- _WHAT THE EXERCISE ASKS_
Print each line below verbatim, skipping every picture.

- _PROVIDED INFORMATION_
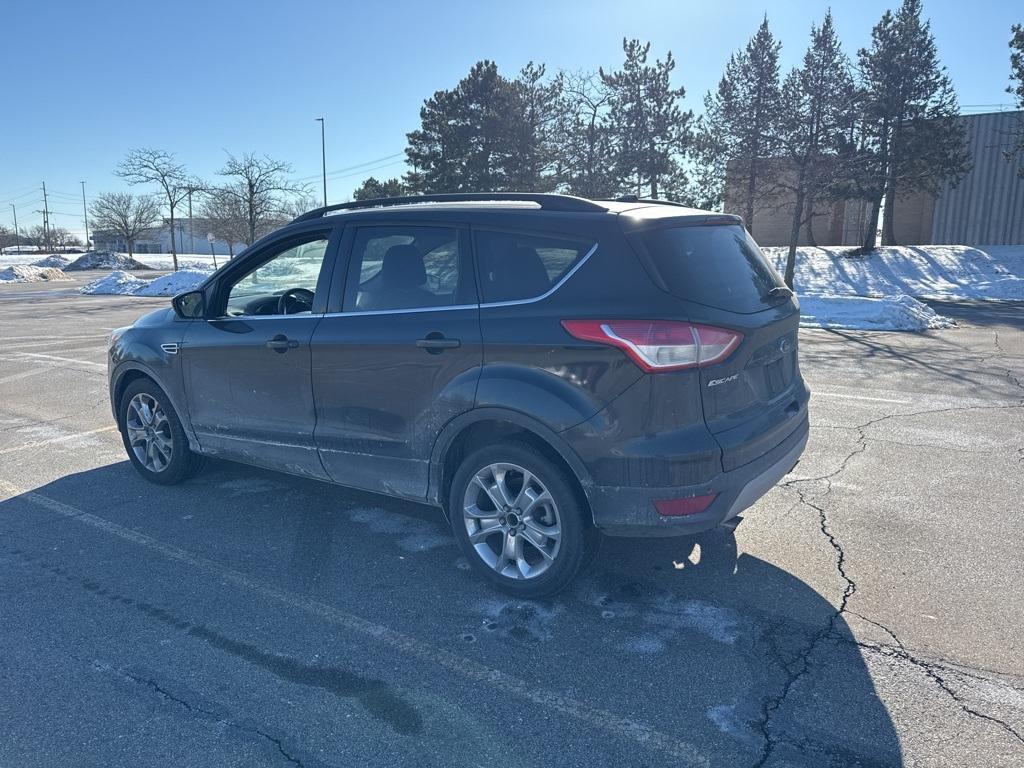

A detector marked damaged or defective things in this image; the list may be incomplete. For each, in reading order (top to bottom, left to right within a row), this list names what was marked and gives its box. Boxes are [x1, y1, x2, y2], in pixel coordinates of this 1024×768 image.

crack in asphalt [753, 399, 1024, 765]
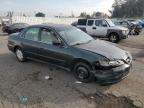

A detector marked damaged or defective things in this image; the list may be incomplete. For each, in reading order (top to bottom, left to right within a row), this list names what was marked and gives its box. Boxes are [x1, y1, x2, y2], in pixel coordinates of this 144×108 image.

crumpled hood [75, 39, 130, 60]
damaged front bumper [93, 63, 132, 85]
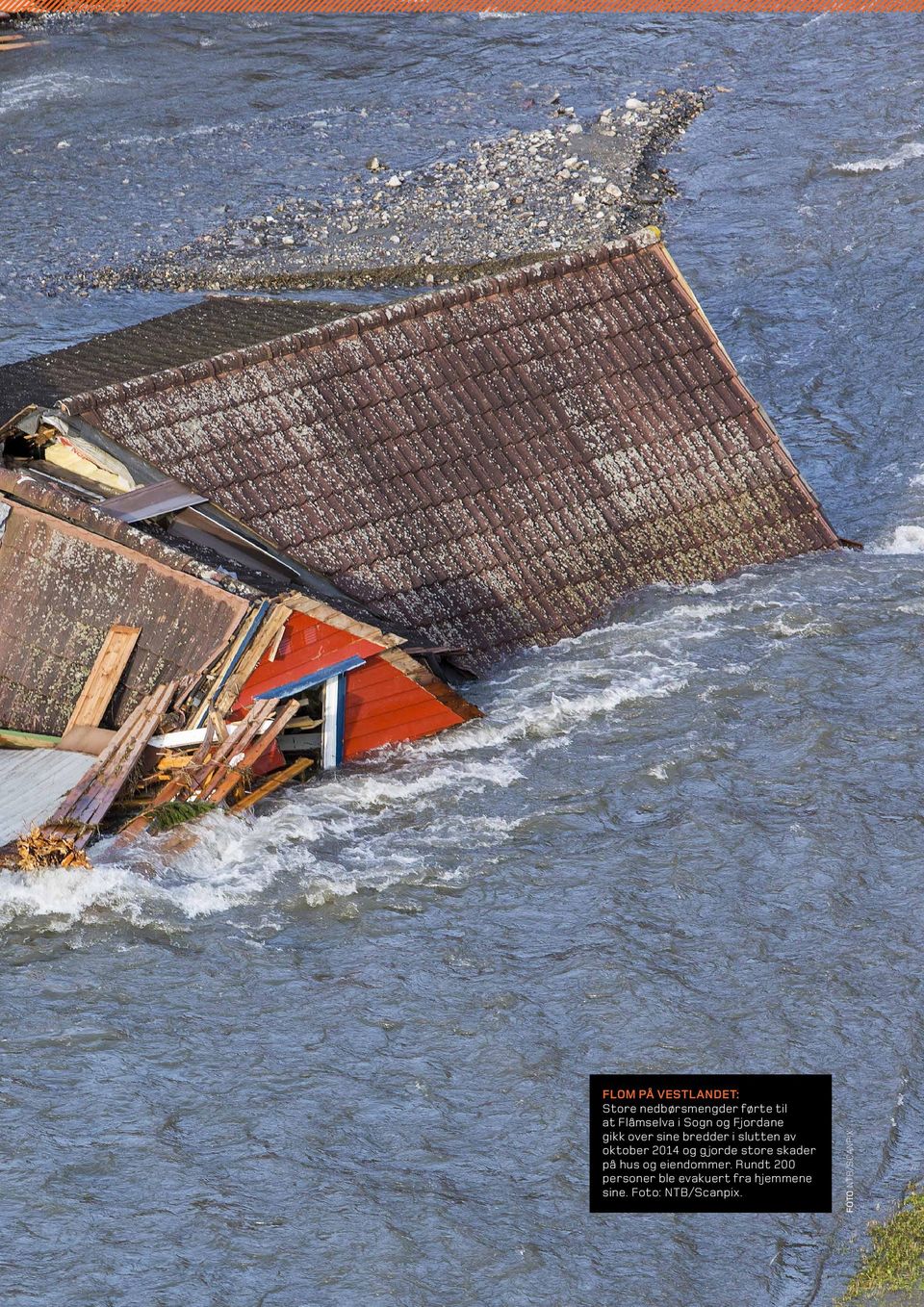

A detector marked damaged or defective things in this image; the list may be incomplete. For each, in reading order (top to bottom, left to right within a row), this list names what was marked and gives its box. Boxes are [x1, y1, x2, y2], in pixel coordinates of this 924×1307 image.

torn roofing material [0, 294, 366, 421]
broken roof edge [58, 225, 663, 418]
torn roofing material [56, 224, 836, 669]
splintered wooden beam [64, 622, 141, 736]
splintered wooden beam [229, 753, 315, 809]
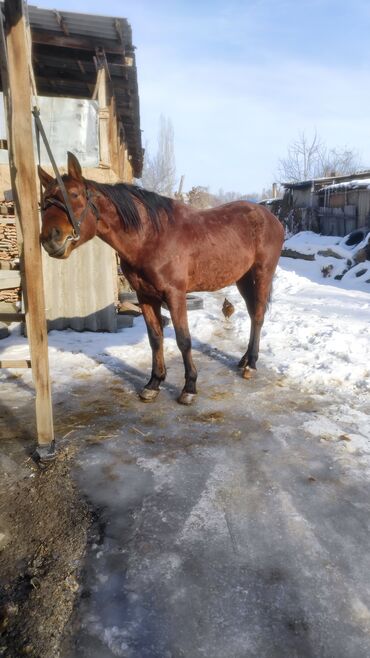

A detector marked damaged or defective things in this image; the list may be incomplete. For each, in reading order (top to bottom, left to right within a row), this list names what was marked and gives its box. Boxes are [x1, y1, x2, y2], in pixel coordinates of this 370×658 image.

rusty metal roof [1, 3, 143, 177]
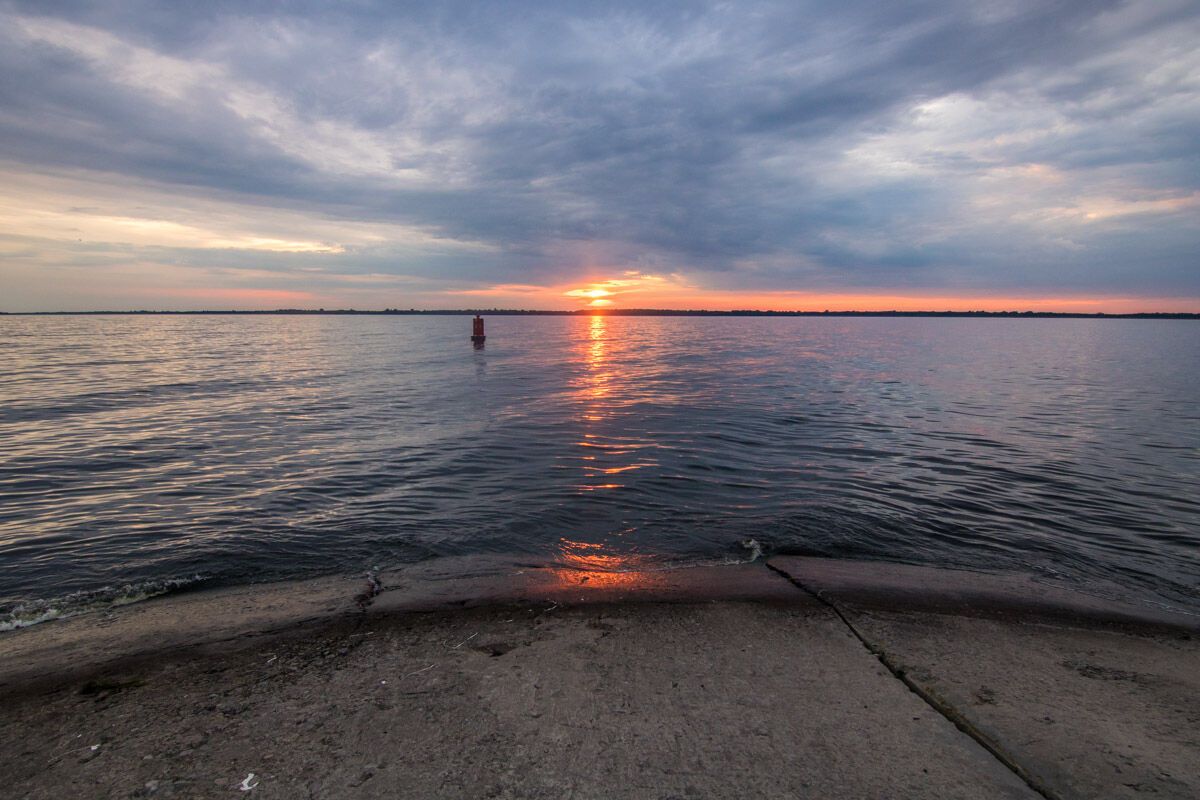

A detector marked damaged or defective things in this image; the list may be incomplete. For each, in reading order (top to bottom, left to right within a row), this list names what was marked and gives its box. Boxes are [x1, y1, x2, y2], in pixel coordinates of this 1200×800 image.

- _RESPONSE TO THIS EXERCISE_
A detector marked damaged or defective things in this image; the list may be incomplete. For each, in reading order (top to bottom, left to right within a row), this list names what was marked and gives its box. Boxes are [x1, y1, x2, y2], in pixel coordinates of this 1024×768 image.

crack in asphalt [753, 399, 1024, 765]

A detector marked damaged or defective things in this image; the list may be incomplete. For each, in reading order (top to bottom, left to right within a row), this list names what was marked and gives its box. Boxes are [x1, y1, x2, y2], in pixel coordinates of this 144×108 image.

crumpled hood [75, 39, 130, 60]
damaged front bumper [93, 63, 132, 85]

A detector marked damaged or defective things in this image; the list may be incomplete. For each, in reading order (top to bottom, left to right within a row), this list names what was marked and gives its box. Boxes are [x1, y1, x2, y2], in pixel coordinates of this 924×1307 image.

torn roofing material [0, 294, 366, 421]
broken roof edge [58, 225, 663, 418]
torn roofing material [56, 224, 836, 669]
splintered wooden beam [64, 622, 141, 736]
splintered wooden beam [229, 753, 315, 809]

A detector marked damaged or defective things in this image; the list may be incomplete. For each, in reading order (top to bottom, left to right within a row), this list names what was marked and gives its box. Boxes are [x1, y1, x2, y2], in pixel coordinates of this 370×658 image.

rusty metal roof [1, 3, 143, 177]

A detector marked damaged or defective things in this image; the list may be incomplete. For each, in reading order (top to bottom, left to right within a row), this list names what was marked and gives its box. Boxes are [x1, y1, x2, y2], in pixel coordinates of this 1200×800 image.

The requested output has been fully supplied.